7. According to claim 3, the method for accurate lane line detection in complex environments based on a dual feature extraction network is characterized in that the classification prediction module includes a convolution layer with a convolution kernel size of 1×1 and two fully connected layers; the fully connected layer completes the linear transformation between the input layer and the hidden layer; the feature map after linear transformation is reshaped to the original image size; and classification is performed at the detection image row position.

8. According to claim 3, the method for accurate lane line detection in complex environments based on a dual feature extraction network is characterized in that the segmentation module uses a multi-scale feature map to model local features, including an attention mechanism module, a convolution with a convolution kernel size of 3×3, and a convolution with a convolution kernel size of 1×1.

9. According to claim 3, the method for accurate lane line detection in complex environments based on a dual feature extraction network is characterized in that the attention mechanism module includes a channel attention and a spatial attention. The input is multiplied by itself after the weight of the input is generated by the channel attention to obtain a new feature map, and then the weight of the new feature map is generated by the spatial attention and multiplied by itself to obtain the output. The output result enters the classification prediction module.

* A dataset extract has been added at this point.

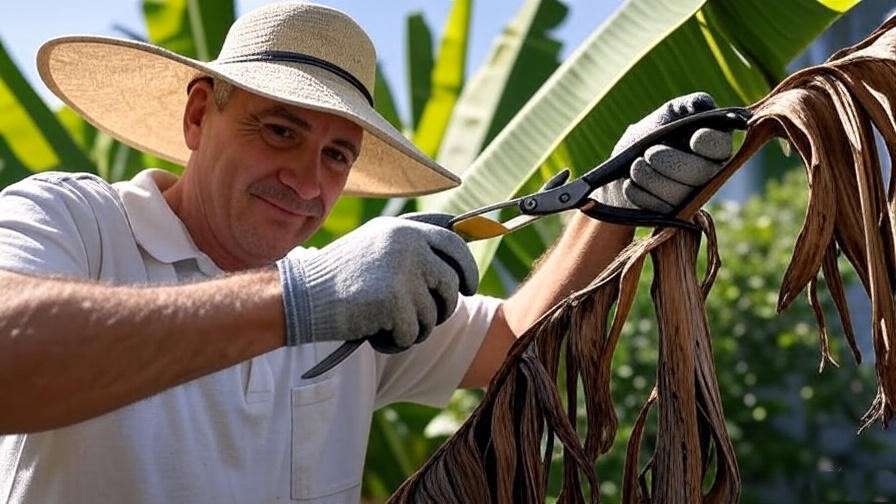 "Gardener pruning a healthy Musa banana tree in a bright garden".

10. According to claim 3, the method for accurate lane line detection in complex environments based on a dual feature extraction network is characterized in that the enhanced receptive field module increases the receptive field of the feature map without changing the image size, and its purpose is to improve the utilization rate of context information; compared with the previous module, normalization and PReLU activation function are added to speed up the network convergence speed;

The structure of the enhanced receptive field module is as follows: it consists of five parallel branches, the first branch is a 1×1 convolution, which is equivalent to the residual structure in the residual network; the second branch includes a 1×1 convolution and a 3×3 dilated convolution with a dilation rate of 6; the third branch includes a 1×1 convolution and a 3×3 dilated convolution with a dilation rate of 12; the fourth branch includes a 1×1 convolution and a 3×3 dilated convolution with a dilation rate of 18; the fifth branch includes an adaptive mean pooling and a 1×1 convolution; the first four branches finally have a layer of BN (Batch Normalization) normalization and a PReLU activation function layer.